Yet these prodigious efforts are not needed. The job we carry out exists only in our description of it. We do not need to speak for time and space, for if we know how to listen, time and space speak for themselves. We do not have to proclaim our portion, because we are already inseparably related to the whole.

When we discover that this is so, a tremendous burden is lifted from our shoulders. We can stand up straight, stretch, and take a deep breath. With the very first step we take, we can let go of the knowledge that we possess and merge with a knowledge that transcends all positions. We can embody this knowledge in ways that are concrete and specific, showing time, space, and knowledge in operation.

In laying down the burden of bystander knowledge, we lose nothing of value. 'My' knowledge and positions form a part of the emerging whole, and so remain available. That is the beauty and freedom of knowledge: It rejects nothing and encompasses all manifestations.

Knowledge frees appearance from the claims of truth and transmits the beauty of the true. Whatever qualities manifest beautify knowledge; whoever acts with clarity is a bearer of knowledge. Although we act on the basis of our limitations; although we make false interpretations and enact a restricted understanding, knowledge continues to be available. We can turn away from knowledge, but we cannot injure or confine it. The limits on our own comprehension are not limits on universal knowledgeability.

 

Key to Knowledge 

How can we know that knowledge is directly available? Must we accept it on faith? Must we give credence to certain parts of our experience while rejecting the significance of others? What is the basis for making this distinction? How can we trust the knowledge that tells us to do so?

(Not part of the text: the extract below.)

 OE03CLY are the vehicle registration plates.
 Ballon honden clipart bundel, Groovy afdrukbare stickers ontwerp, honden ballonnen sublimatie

The answer in a sense is simple: We can learn to listen to knowledge in all its manifestations, from the most practical to the most sublime. As we grow accustomed to hearing the voice of knowledge within appearance, issues of trust and confidence will clarify themselves. An inner dynamic enacted by knowledge itself will point the way to knowledgeability.

Let us take a concrete example. Centuries ago the idea of property was little developed, and trade was conducted informally or in the context of other interactions, based on little more than agreement that certain goods had value. Starting with something as simple as a handful of salt or a string of beads, trade gradually expanded. Merchants developed their own concern and ways of life, and evolved their own way of seeing the world and attempting to protect their interests. From these beginnings, the whole system of finance took form, and in time the science of economics, the law of corporations, and many other disciplines as well. Today no branch of human knowledge is wholly unaffected by these forms of understanding.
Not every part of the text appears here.